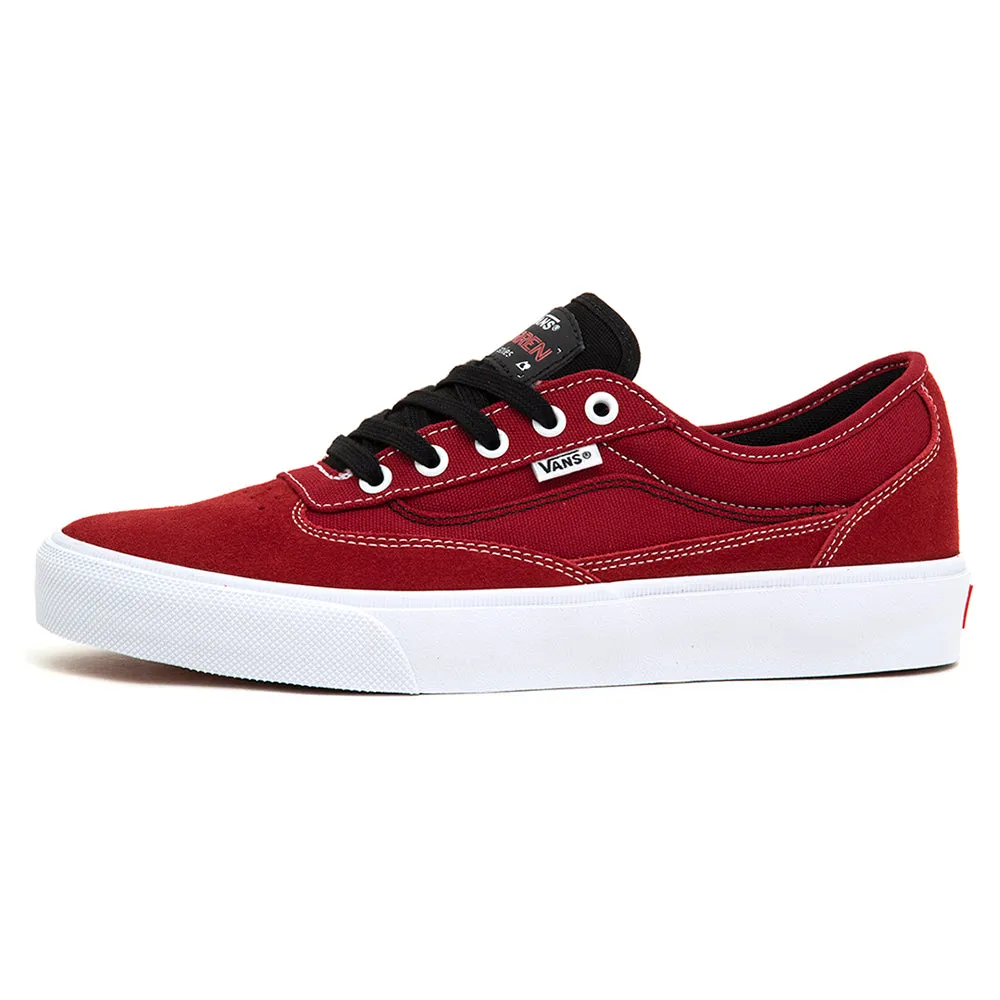 Lace Up Foam Lining Standing Workers Skate Curren Caples (Red / White) VBU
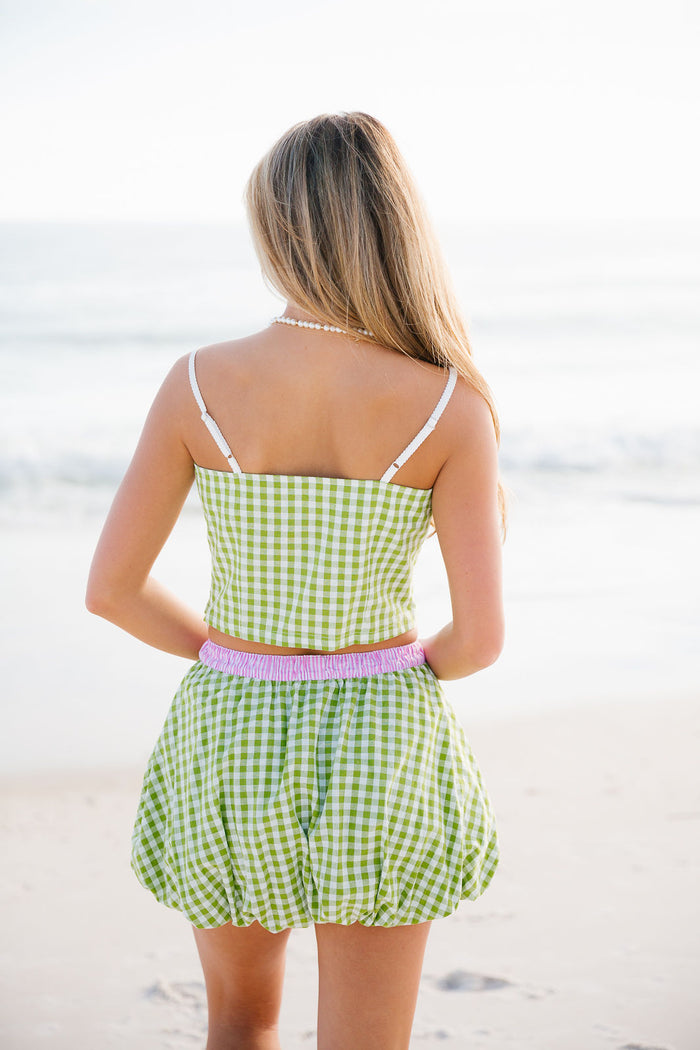 Ginger Bubble Skirt - Melon
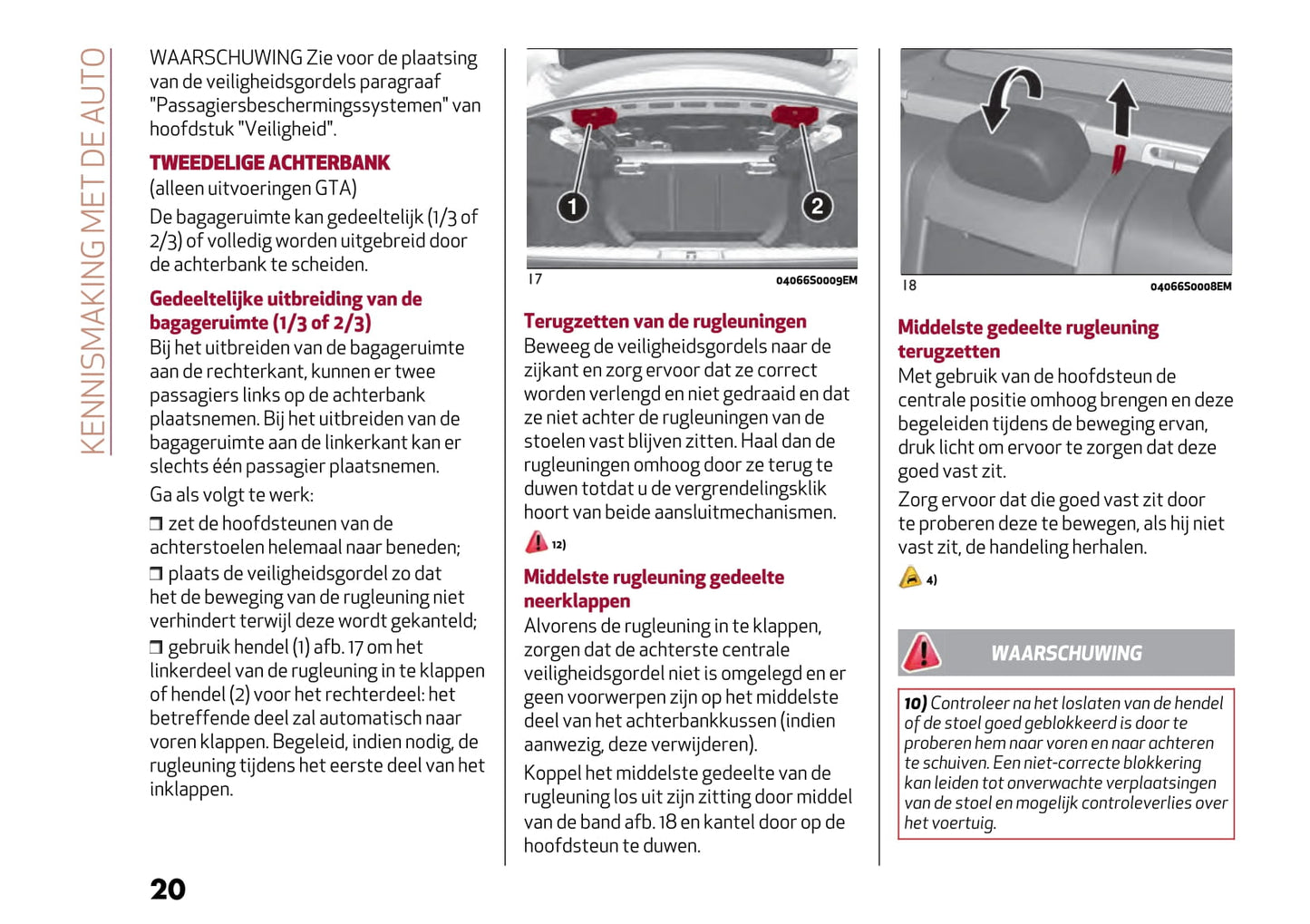 2022-2023 Alfa Romeo Giulietta GTA Owner's Manual | Dutch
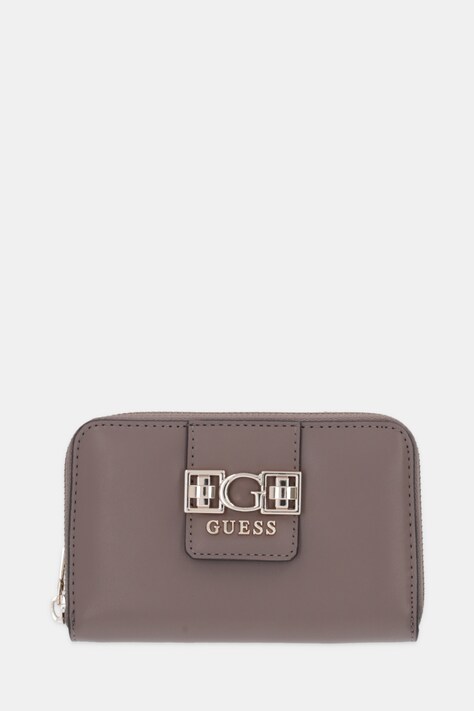 Guess portfel JANE damski kolor brązowy SWVG98 91140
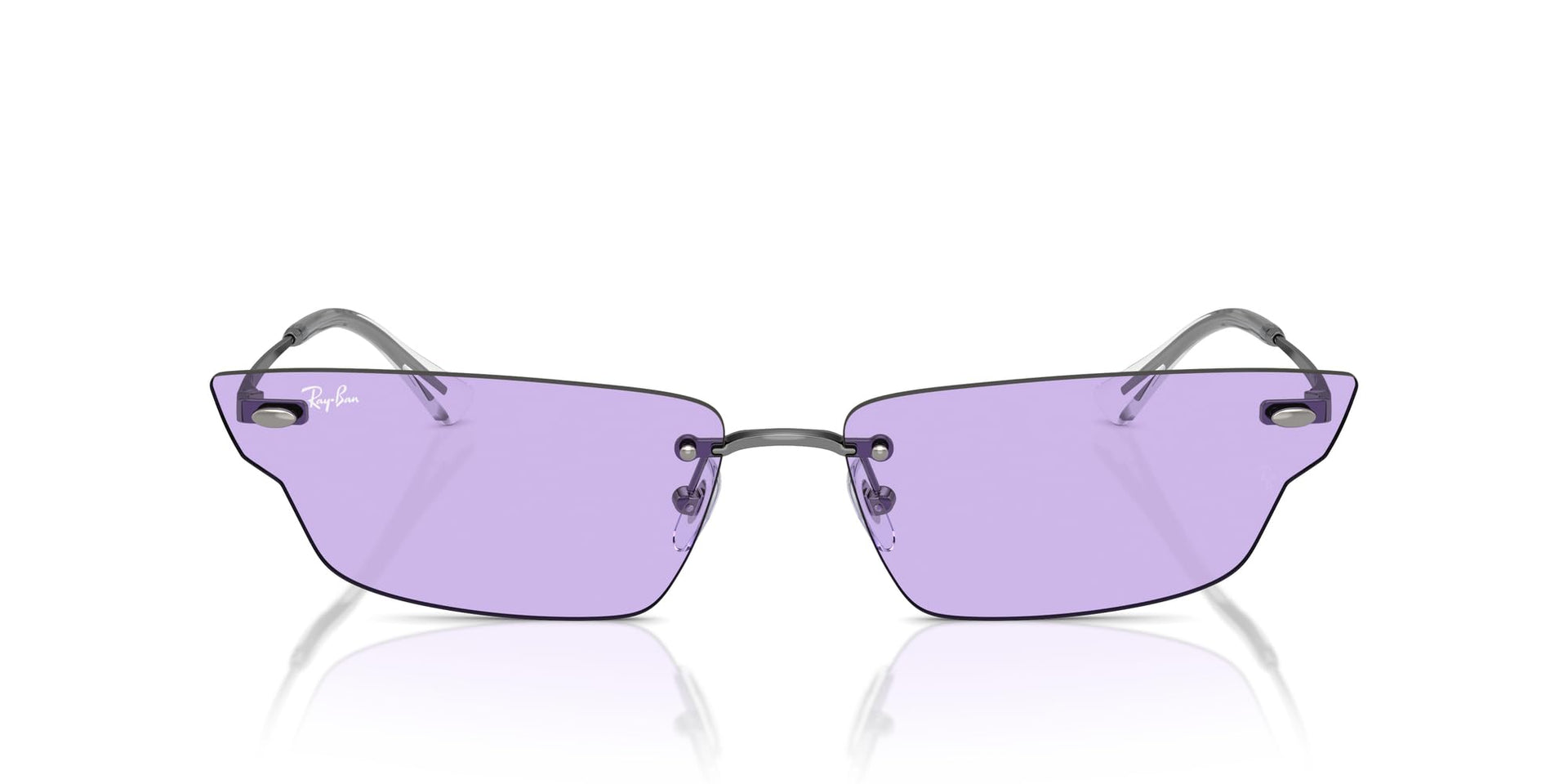 Ray-Ban Anh RB3731 Sunglasses - Gunmetal/Violet / 66 mm - X0045V4YWV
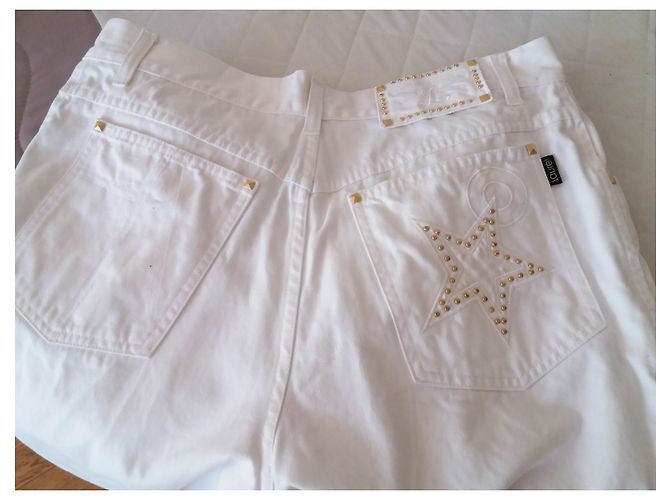 Pantalones blancos Laurèl de algodón talla 42 - vista 5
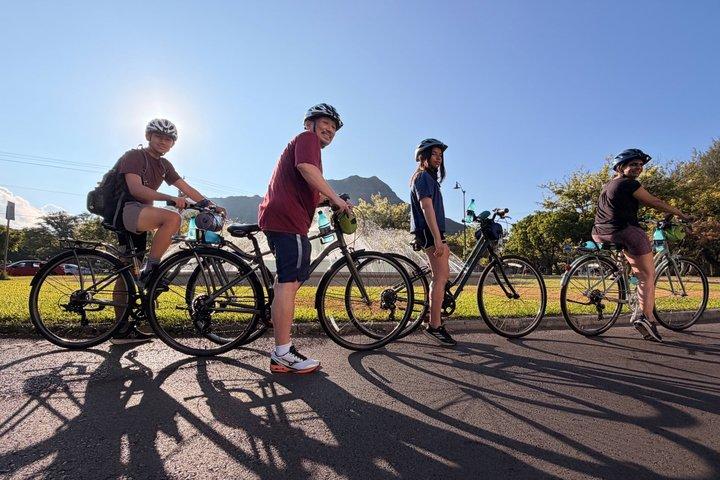 Diamond Head Bike to Hike and Local Lunch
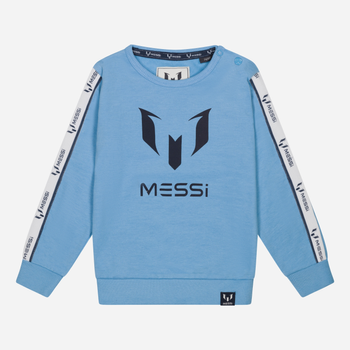 Bluza bez kaptura chłopięca Messi S49326-2 86-92 cm Jasnoniebieska (8720815173547)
· · · · · · ·
The copy must start at the line containing "2022-2023 Alfa Romeo" and end at the last line of the records, matching each line exactly and holding no pictures.

- _RESPONSE TO THE EXERCISE_
 2022-2023 Alfa Romeo Giulietta GTA Owner's Manual | Dutch
 Guess portfel JANE damski kolor brązowy SWVG98 91140
 Ray-Ban Anh RB3731 Sunglasses - Gunmetal/Violet / 66 mm - X0045V4YWV
 Pantalones blancos Laurèl de algodón talla 42 - vista 5
 Diamond Head Bike to Hike and Local Lunch
 Bluza bez kaptura chłopięca Messi S49326-2 86-92 cm Jasnoniebieska (8720815173547)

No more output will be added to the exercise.